WHAT IS BEING ASKED: Retype, word for word, every line of the records below starting at the one that contains "Das Heilbronner Sinfonieorchester" and ending at the one that contains "Point Lookout House"; include both of those lines and nothing more.

ENTRIES SUPPLIED:
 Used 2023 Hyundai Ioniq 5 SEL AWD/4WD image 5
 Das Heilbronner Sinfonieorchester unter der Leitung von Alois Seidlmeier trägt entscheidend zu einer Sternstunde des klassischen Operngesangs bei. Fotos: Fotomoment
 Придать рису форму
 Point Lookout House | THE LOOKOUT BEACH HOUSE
--
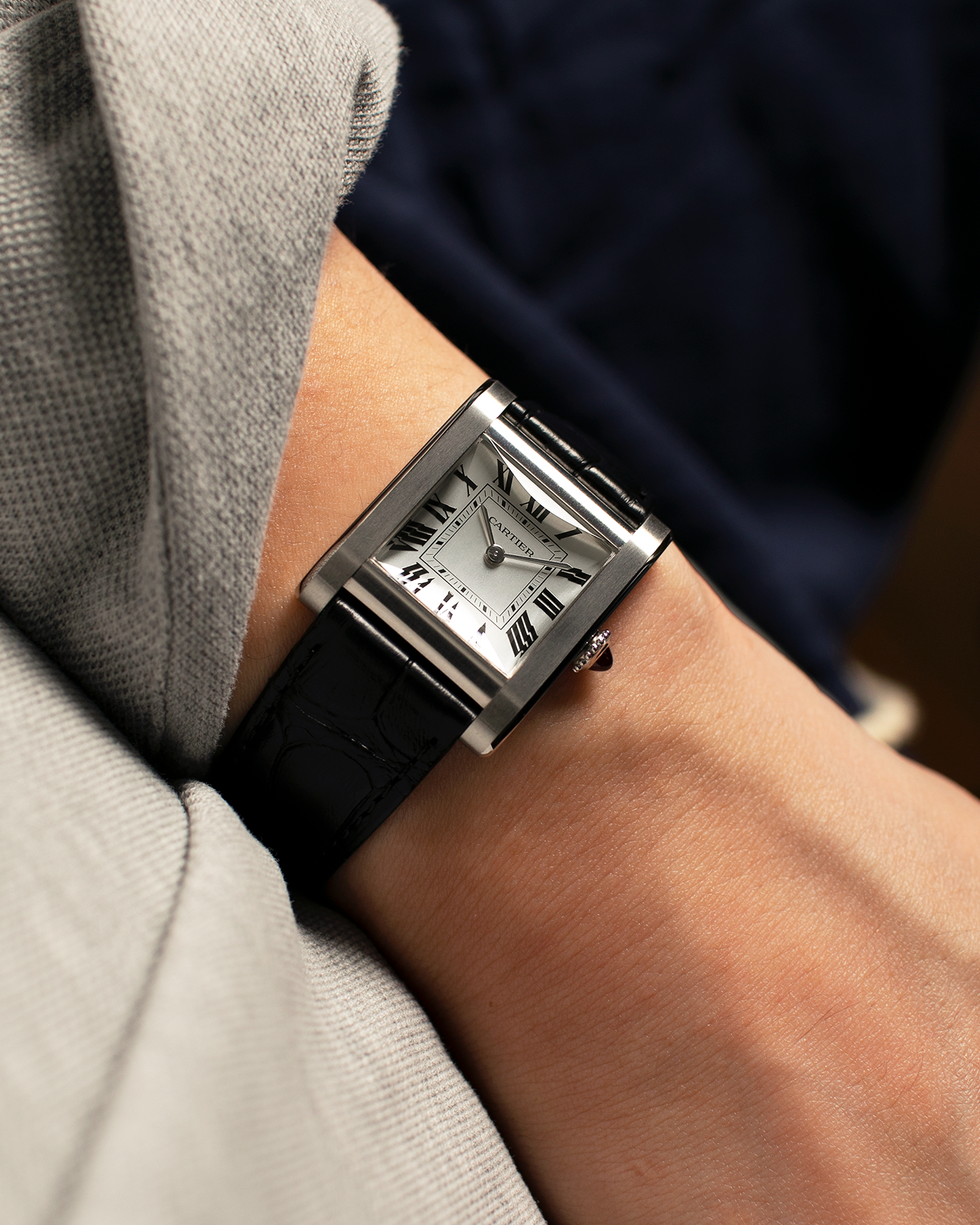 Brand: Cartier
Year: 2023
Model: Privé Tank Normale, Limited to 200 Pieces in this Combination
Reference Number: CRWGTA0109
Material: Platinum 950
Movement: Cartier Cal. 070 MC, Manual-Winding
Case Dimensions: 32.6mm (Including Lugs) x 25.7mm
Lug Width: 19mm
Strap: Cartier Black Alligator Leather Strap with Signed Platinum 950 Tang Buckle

SOLUTION FOR THIS PROBLEM:
 Das Heilbronner Sinfonieorchester unter der Leitung von Alois Seidlmeier trägt entscheidend zu einer Sternstunde des klassischen Operngesangs bei. Fotos: Fotomoment
 Придать рису форму
 Point Lookout House | THE LOOKOUT BEACH HOUSE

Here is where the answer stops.